With the pictures left out, reproduce exactly the lines running from the line with "CLIF BAR White" to the last line of the material below.

(The data)

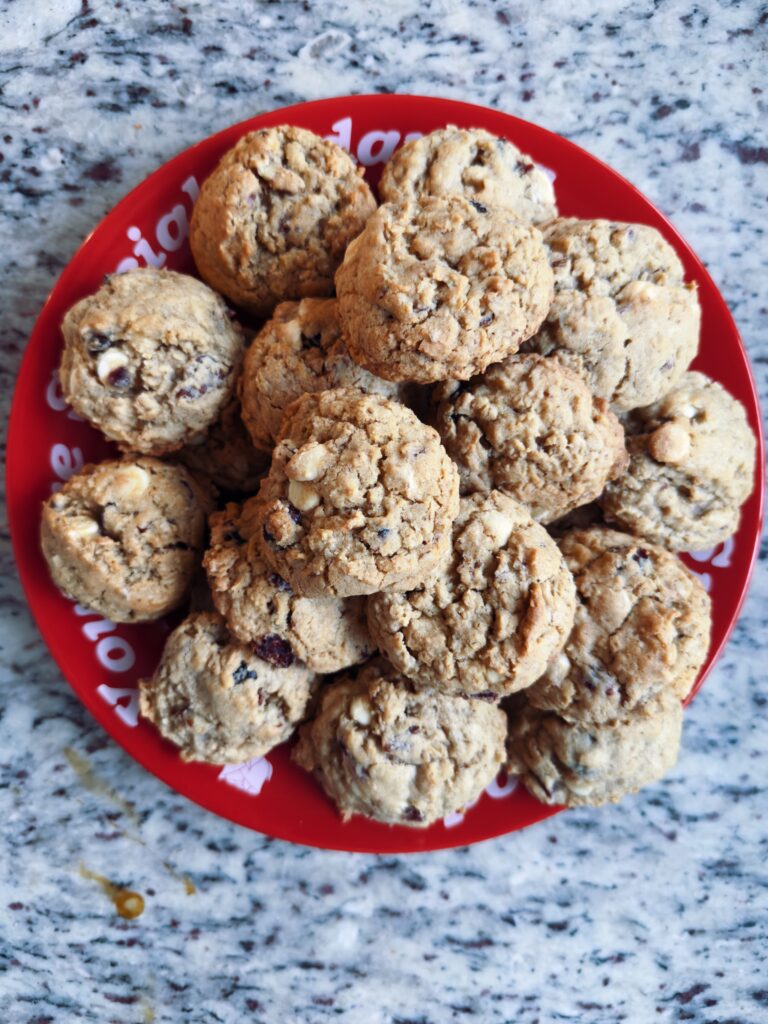 Gluten-Free Cranberry White Chocolate Oatmeal Cookies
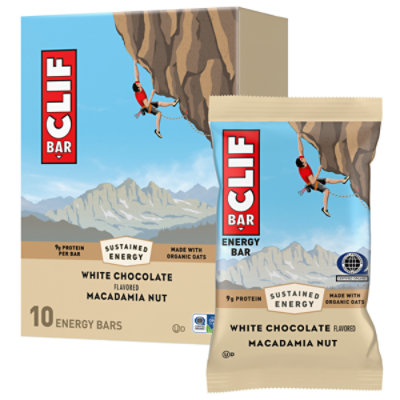 CLIF BAR White Chocolate Macadamia Nut Flavor Energy Bars - 10-2.4 Oz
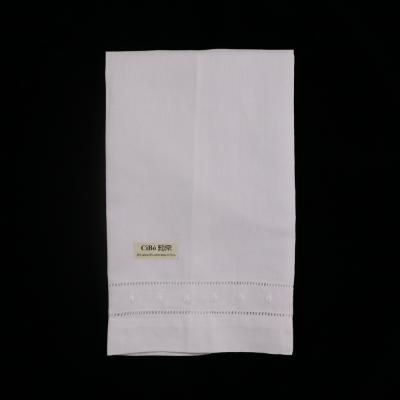 China TL009 Ramie Cotton Drawnwork Scale Day Face Towel Washable White Hand Towel for sale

(End The data)

■ Response to the task
 CLIF BAR White Chocolate Macadamia Nut Flavor Energy Bars - 10-2.4 Oz
 China TL009 Ramie Cotton Drawnwork Scale Day Face Towel Washable White Hand Towel for sale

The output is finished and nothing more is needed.